There are several layers of base standards that define the "body" of the Semantic Web. Some focus on the Web resources such as Resource Description Framework ( RDF ) - others on metadata such as eXtendend Markup Language ( XML ). Still others concentrate on expressing query logic ( SPARQL ) or defiining rules and rule interchange ( Rule Interchange Format ). Some specialize in business-specific rule logic such as Business Rules Markup Language (BRML).

An Unending Web of Data or Metadata ? Or Both ?

Another important point in the original ( not the new ! ) W3C definition was the facility that "allows a person, or a machine, to start off in one database, and then move through an unending set of databases which are connected not by wires but by being about the same thing".

From the Wikipedia on the subject of data: "In general, data consist of propositions that reflect reality. A large class of practically important propositions are measurements or observations of a variable. Such propositions may comprise numbers, words, or images".

Clearly, most of the 'data' in the Semantic Web will be a combination 'observations' and data about data, that is meta-data about the data, such as the domain of the data ( a price series for hog bellies ), the type ( decimal numbers ) and format ( currency ) as well as the data itself ( 2.34, 2.13, etc. ). So, in effect, the W3 definition blurs the distinction between data and meta-data that is usual in information systems. There are no separate data structures for data and meta-data. It is all data, even the metadata describing the data. This is implemented with a sophisticated interface and data definition language, XML.

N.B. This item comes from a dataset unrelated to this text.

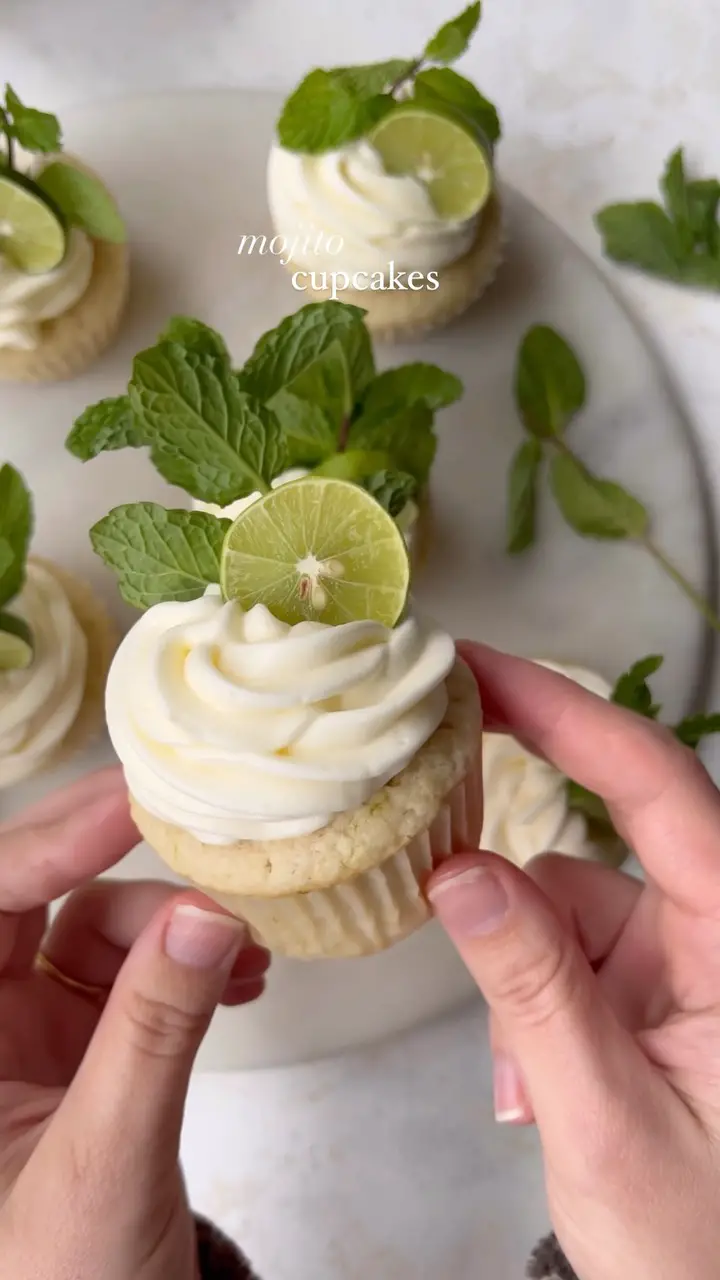 Zesty Lime Cupcakes with Mint Rum Cream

The second interesting thing is the implication of unending journey of the person or machine through many distributed databases connected by a common query or subject, something like a highly distributed subject database.

In fact, there is a third item of interest. OMG is using the term 'objects', which may not identify the growing technical infrastructure of services via SOA as the foundation of the Semantic Web.

And, the fourth item of interest ( out of two ) is what is described as "the language for recording how the data relates to real world objects", that is the representation language. The primary means of communication between programs and programs or people and programs is XML, including the RDF and OWL standards, which are implemented in XML.